* Assignment: Print, word for word, the line containing "Pitcher Plant Sanguinea" and all lines beneath it to the end of the entries below. Pictures do not belong in the copy.

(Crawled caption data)
_ _ _ _ _ _ _
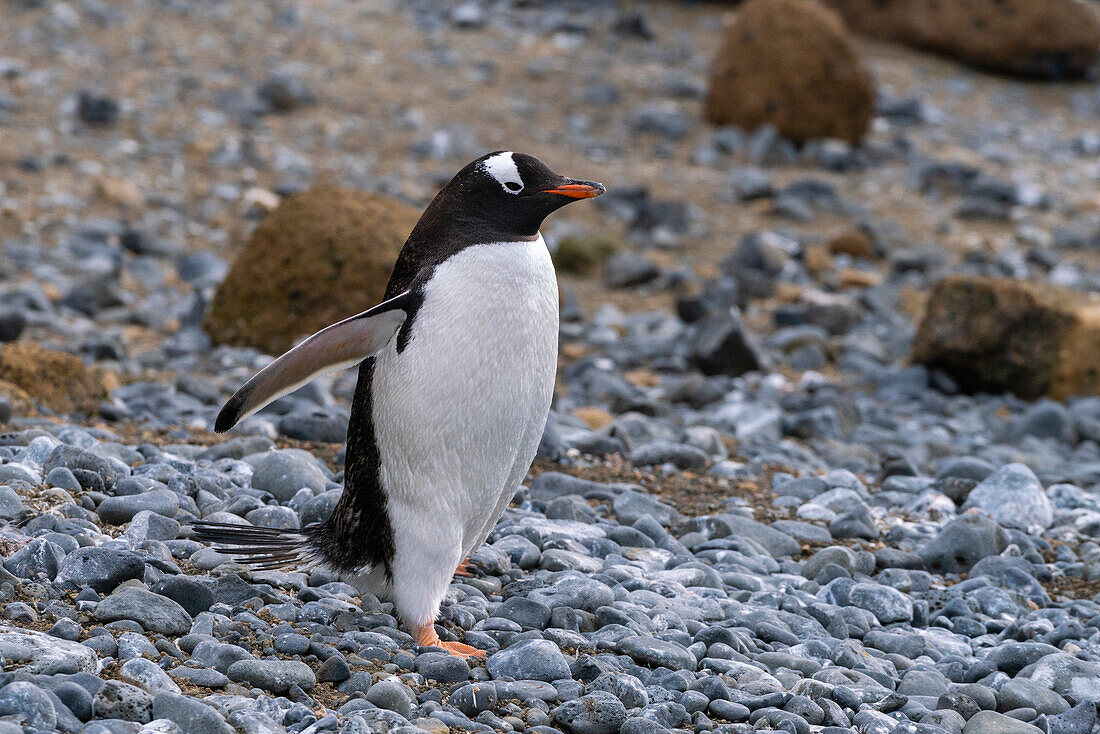Gentoo penguin (Pygoscelis papua) walking on pebbles, Brown Bluff, Tabarin Peninsula, Weddell Sea, Antarctica.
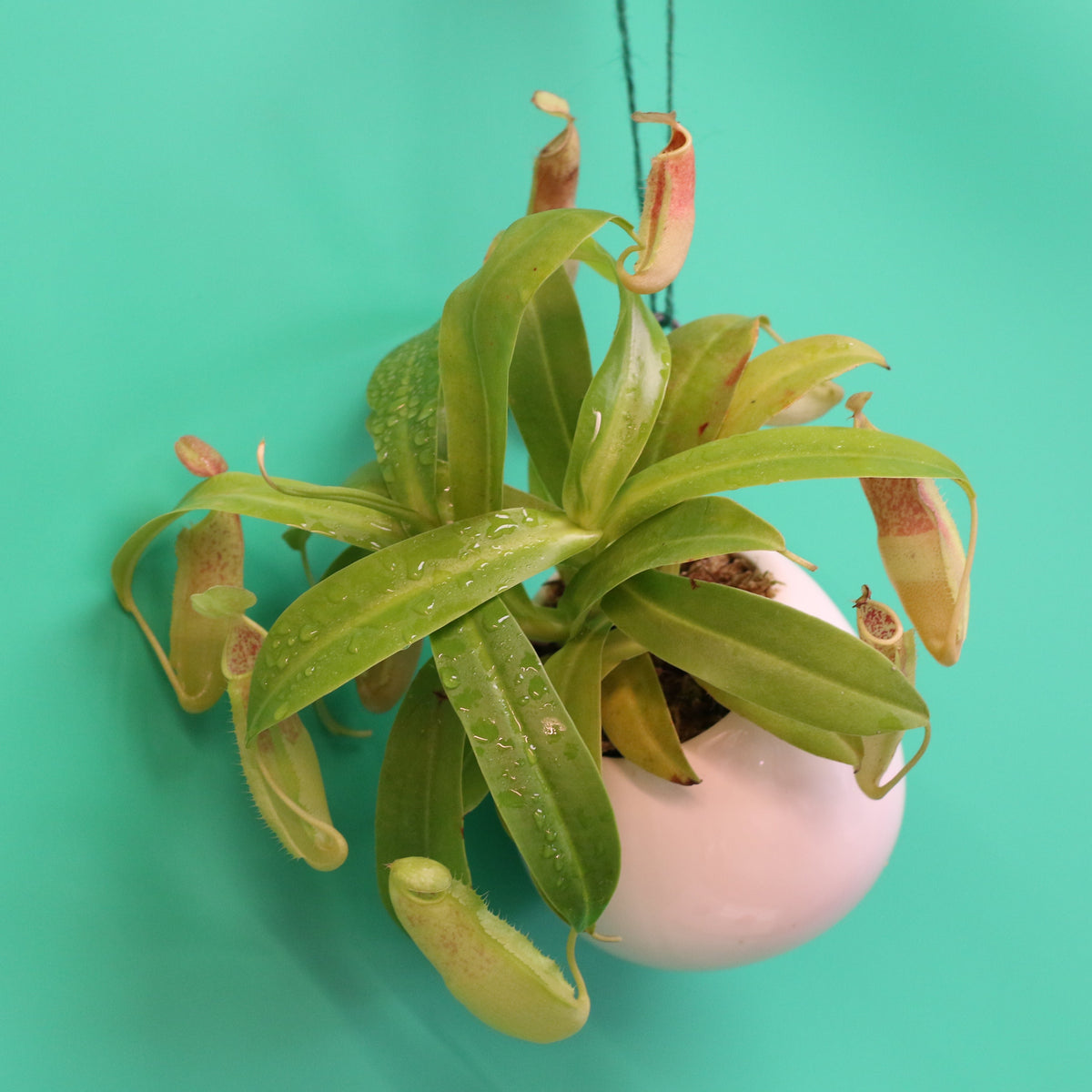 Pitcher Plant Sanguinea 
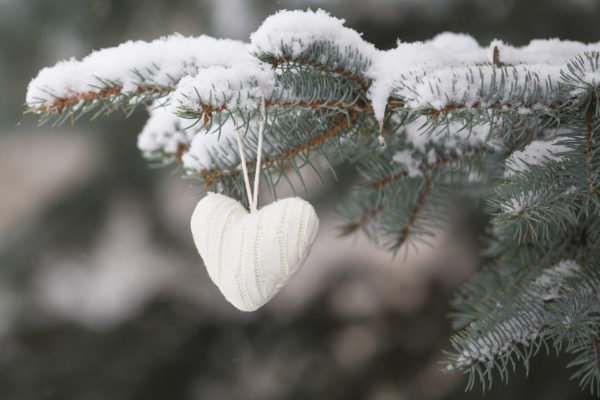 Love in War The Christmas Truce of WWI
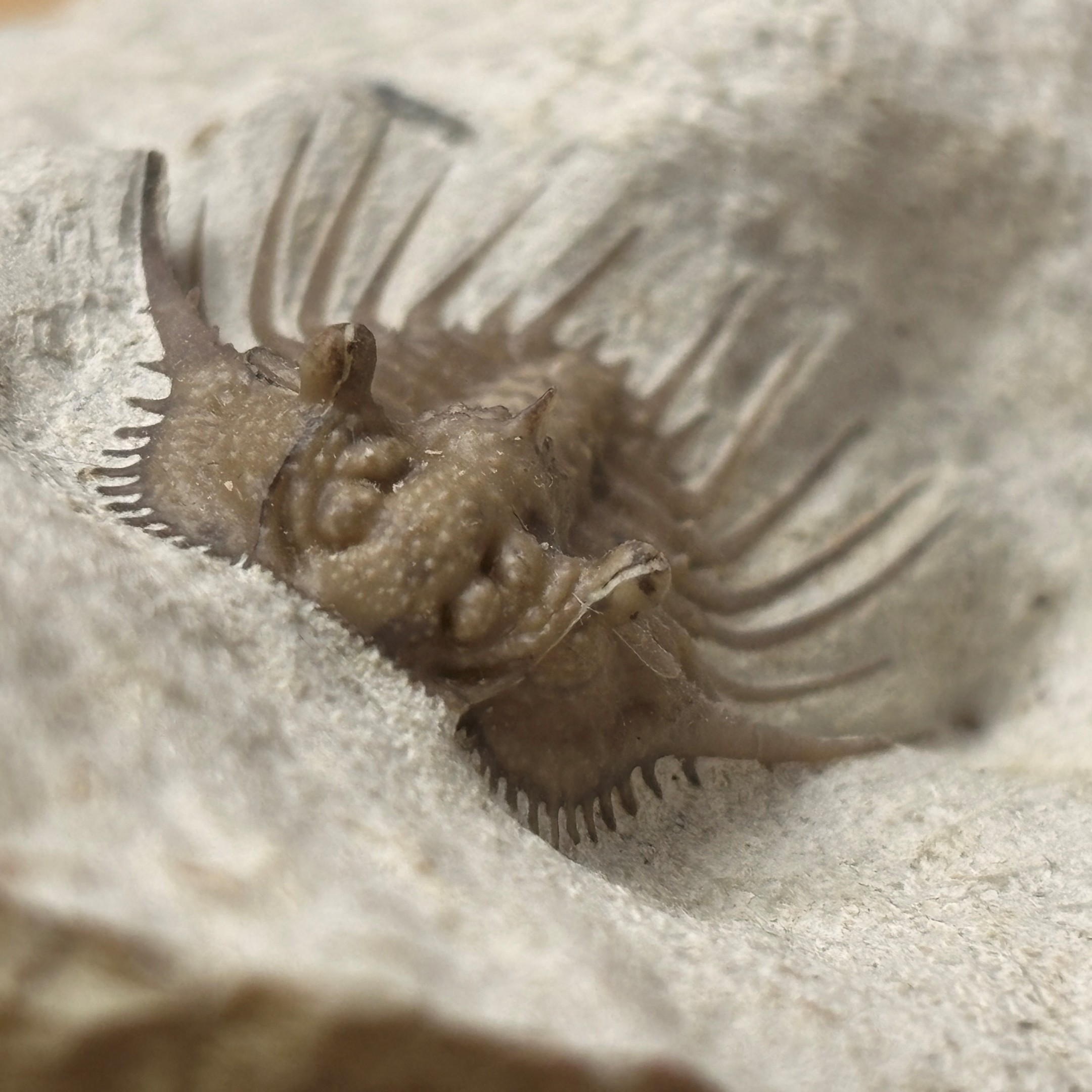 Fossil Trilobite ~ Kettneraspis williamsi ~ Black Cat Mountain Quarry, Oklahoma - Image 5
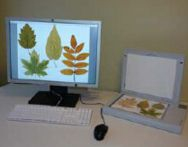 多用途葉面積儀 WinFOLIA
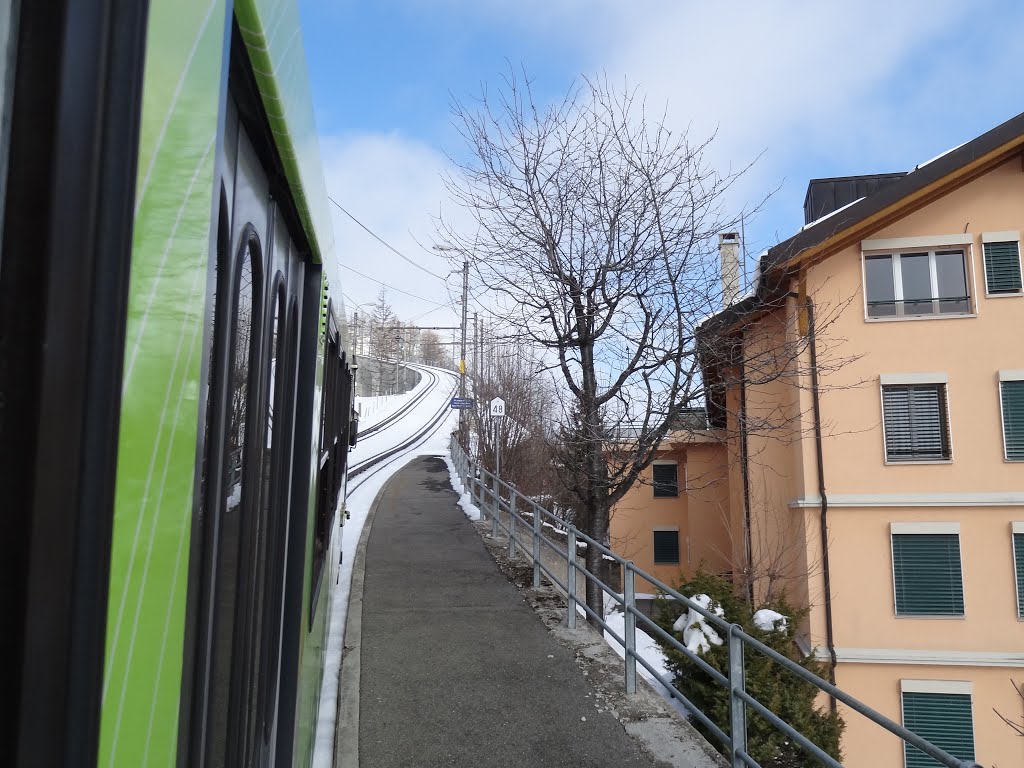 RAIL LINE AIGLE-LEYSIN by Georgios Giannopoulo…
_ _ _ _ _ _ _
* Output for this exercise:
 Pitcher Plant Sanguinea 
 Love in War The Christmas Truce of WWI
 Fossil Trilobite ~ Kettneraspis williamsi ~ Black Cat Mountain Quarry, Oklahoma - Image 5
 多用途葉面積儀 WinFOLIA
 RAIL LINE AIGLE-LEYSIN by Georgios Giannopoulo…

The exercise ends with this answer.